Improving Perl 5: Grant Report for Month 19
Wed, 12-Jun-2013 by
Karen Pauley
edit post
_Nicholas Clark writes:_
As per my grant conditions, here is a report for the April period.
I started the month looking at the Unicode Names code. At Karl's suggestion I changed it to parse the UnicodeData.txt file properly. Previously it had hardcoded various constants, particularly related to the CJK ideographs and Hangul syllables. The CJK ranges in Unicode have increased in the past, and so it's possible that they will increase again. Not only is it (more) future proof, it also made it simpler to detect significant gaps in the allocated character ranges, which is useful for size optimisations. By handing the gaps better I reduced the data size by 13K, and by using two sizes of arrays for the trie structure, saved a further 25K.
The intent of all this is to provide the data needed for the \N{} syntax directly as C code and static data, to avoid the tokeniser needing to load charnames if it sees \N{}. Given that the C code in question is generated by Perl, but to compile the Perl you need the C code, there's a potential bootstrapping problem here.
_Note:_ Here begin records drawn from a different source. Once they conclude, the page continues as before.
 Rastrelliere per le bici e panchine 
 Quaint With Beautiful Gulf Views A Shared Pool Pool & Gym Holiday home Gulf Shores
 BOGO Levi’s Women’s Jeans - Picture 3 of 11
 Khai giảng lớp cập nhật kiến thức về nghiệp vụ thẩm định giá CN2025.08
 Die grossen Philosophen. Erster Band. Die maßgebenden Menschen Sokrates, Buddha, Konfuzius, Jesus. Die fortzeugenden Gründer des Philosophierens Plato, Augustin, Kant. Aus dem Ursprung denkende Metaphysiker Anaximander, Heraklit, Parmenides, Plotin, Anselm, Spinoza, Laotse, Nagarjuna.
Not wishing to ship >1M of generated code if avoidable, I experimented to see whether the \N{} escape syntax is needed by miniperl. It turns out that if you replace the \N{} handler by abort() in miniperl, you can still build perl perfectly. Excellent! Also, telling the Makefile to build distinct toke.o and tokemini.o is a one line change - it's nice when easy things *are* easy.
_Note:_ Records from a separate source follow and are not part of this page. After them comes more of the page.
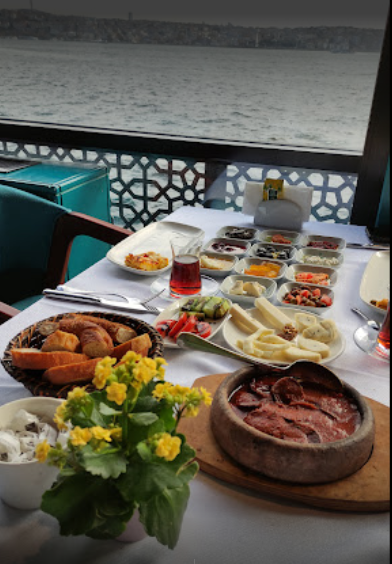 Luxury Buffet Breakfast on Istanbul Bosphorus Cruise | Halal Cruises Club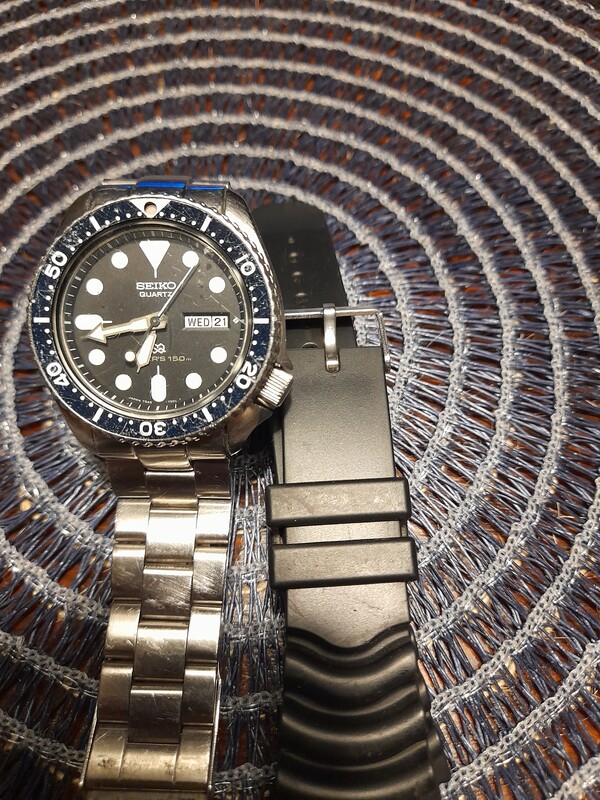 Elbląg Seiko 7548-7000 quartz 1983 w dobrym stanie ale trzeba naprawić koronkę niemożna nastawić godziny datownik działa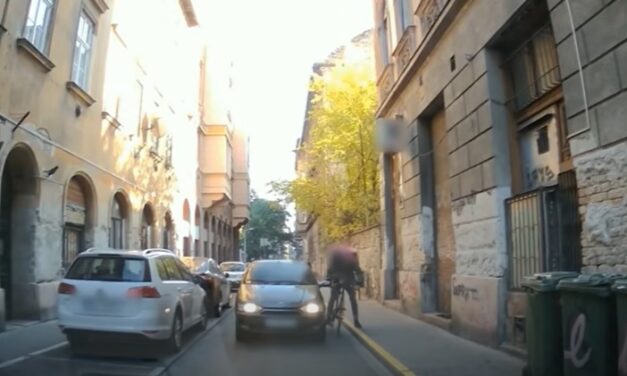 Baltával esett a motoros futárnak egy autós Újbudán – videón a férfi elfogása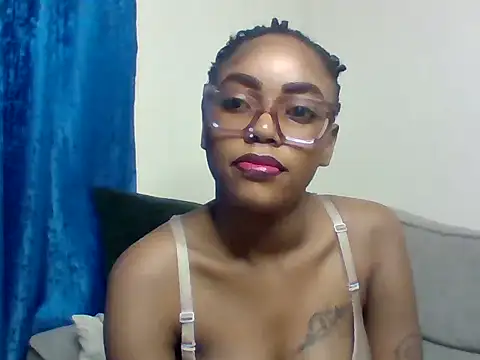Snapshot of _crystal_princesss chatting on 2, 5, 2026 crystal princesss online show from 2, 5, 2026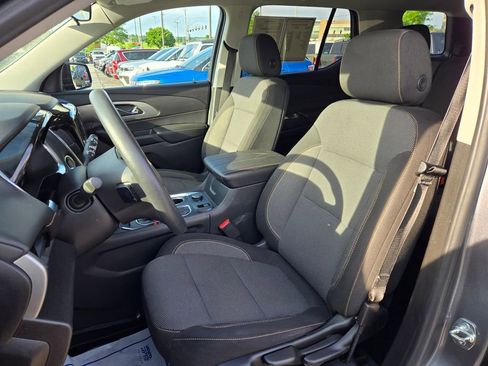 Used 2020 Chevrolet Traverse LS AWD/4WD image 16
Frustratingly the work is not yet ready to merge into blead, as it's not yet finished enough, and other things keep taking priority.
We had a bit of a digression involving perl on s390. Merijn was given a CD for a linux distribution for s390, soon had it running on the emulator "Hercules". What does one do next? Obviously - try to build Perl. So he build blead (which worked) and ran the tests (which mostly worked). My initial reaction was:
bq. Is anyone actually using Perl on it?
bq. In that, we've not had any bug reports about this before, and for a lot of these somewhat esoteric platforms I'm sort of wondering at what point do they stop being "fun", and start being "work". Right now, I think it's more at the "fun" level, and it might be telling us something interesting about portability, as it might be that all these tests failing are down to the same problem.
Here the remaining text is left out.